Une charte pour promouvoir l'égalité hommes-femmes
Le 10 octobre 2013, les présidentes du CNC et d'Arte France ainsi que les ministres de la Culture et des Droits des femmes ont signé la "charte pour l'égalité entre les Femmes et les Hommes dans le cinéma". Il s’agit de favoriser la représentation des femmes dans les instances de direction et de "sexuer" leurs statistiques. "Le but n'est pas de mettre en place des quotas. Mais ces chiffres permettront de mesurer la place des femmes dans notre industrie", explique Bérénice Vincent, co-fondatrice de l'association Le Deuxième Regard, qui porte la Charte.
Ces objectifs sont aussi ceux de la directrice de la Responsabilité sociétale (RSE) à Vivendi, Pascale Thumerelle. "Nouer un partenariat avec le Laboratoire de l'Egalité constituait une première étape. Il s'agissait de créer une prise de conscience. Notre volonté est maintenant de recueillir des données chiffrées pour dresser un état des lieux au sein du groupe". La directrice RSE veut aller plus loin. Elle tente d’agir sur l'éducation et la promotion de modèles féminins dans les métiers traditionnellement "masculins" du cinéma.

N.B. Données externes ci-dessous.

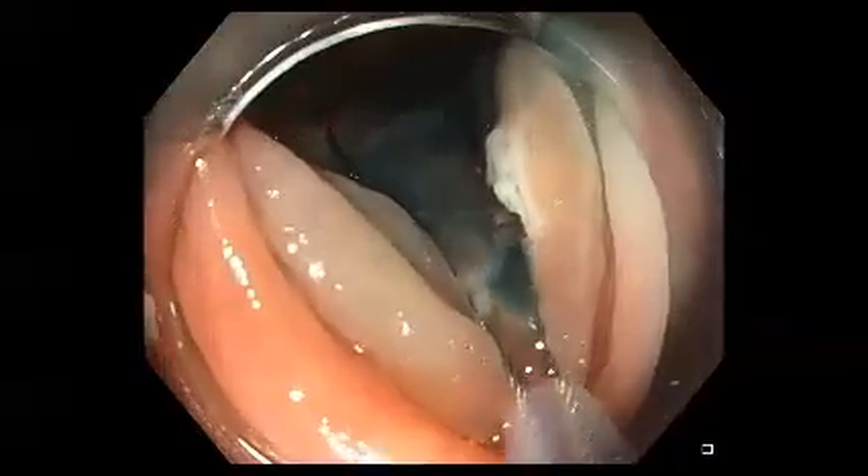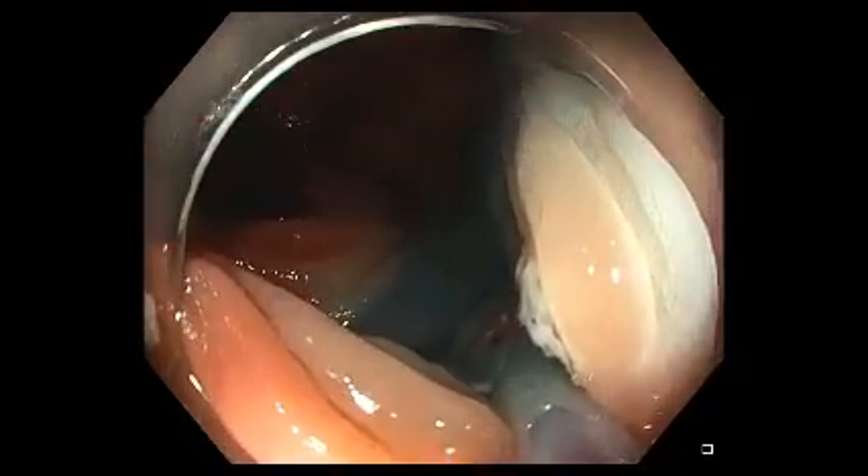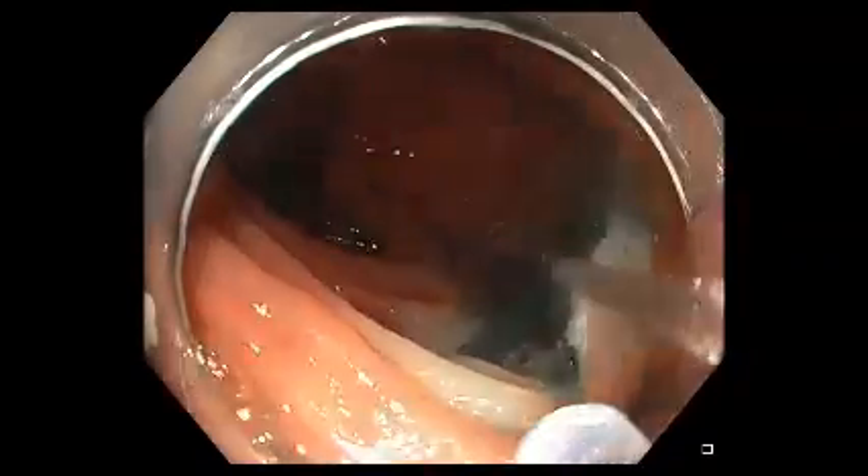You can see as we inspect this site carefully, particularly as the wire is closing around it, that there is some residual serrated tissue with the same small serpiginous vessels.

A la veille de l'ouverture du festival de Cannes, la charte regroupait moins de quinze signataires. "Nous avons envoyé ce document à 50 institutions et entreprises du secteur, la moitié seulement a répondu. Parmi elles, de nombreuses ont opposé un refus. Mais un dialogue a été entamé. Ce qui nous intéresse, c'est que les gens commencent à s'interroger sur leurs choix".